Line by line, output everything from the one that contains "Лабораторный прибор для" through the end of the material below, exactly as written and with no pictures.

━━ DATA TO PROCESS

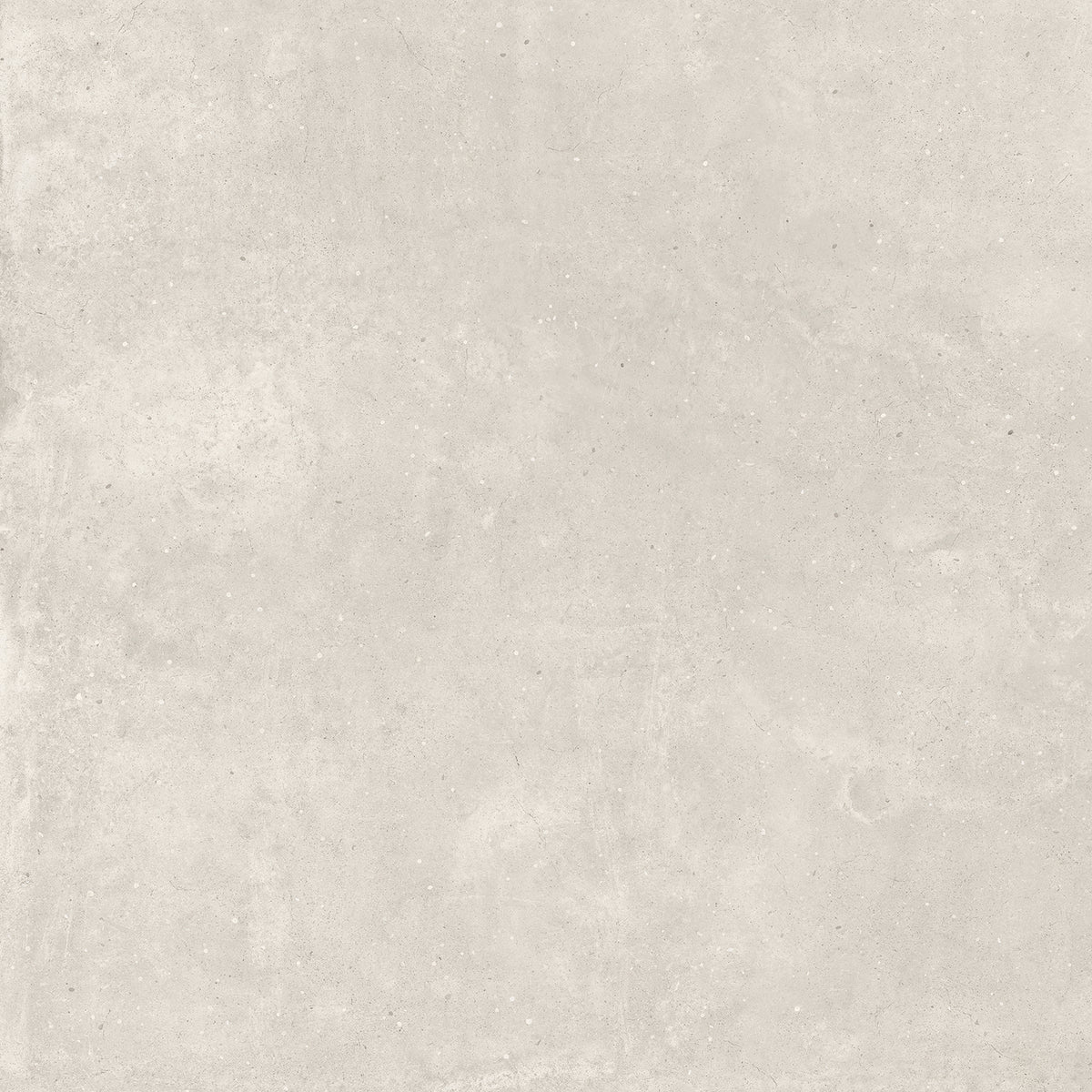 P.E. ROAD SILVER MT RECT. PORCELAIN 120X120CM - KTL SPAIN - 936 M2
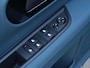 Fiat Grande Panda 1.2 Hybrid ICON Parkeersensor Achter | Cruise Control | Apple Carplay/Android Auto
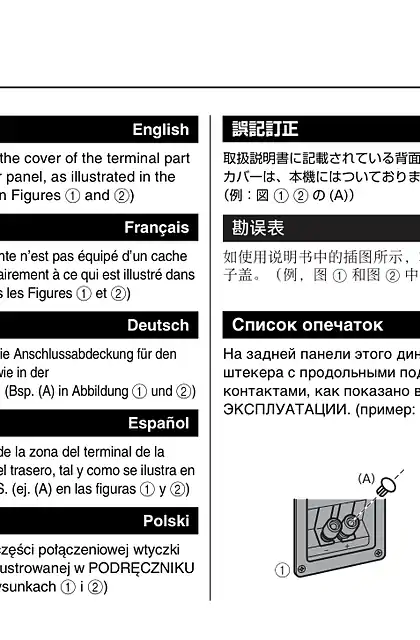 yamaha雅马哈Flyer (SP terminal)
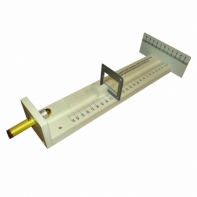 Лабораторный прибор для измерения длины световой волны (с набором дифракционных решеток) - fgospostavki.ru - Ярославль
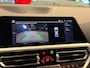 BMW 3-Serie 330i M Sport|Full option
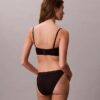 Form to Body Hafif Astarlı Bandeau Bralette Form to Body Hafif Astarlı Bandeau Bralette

━━━━

**RESPONSE TO THIS TASK:**
 Лабораторный прибор для измерения длины световой волны (с набором дифракционных решеток) - fgospostavki.ru - Ярославль
 BMW 3-Serie 330i M Sport|Full option
 Form to Body Hafif Astarlı Bandeau Bralette Form to Body Hafif Astarlı Bandeau Bralette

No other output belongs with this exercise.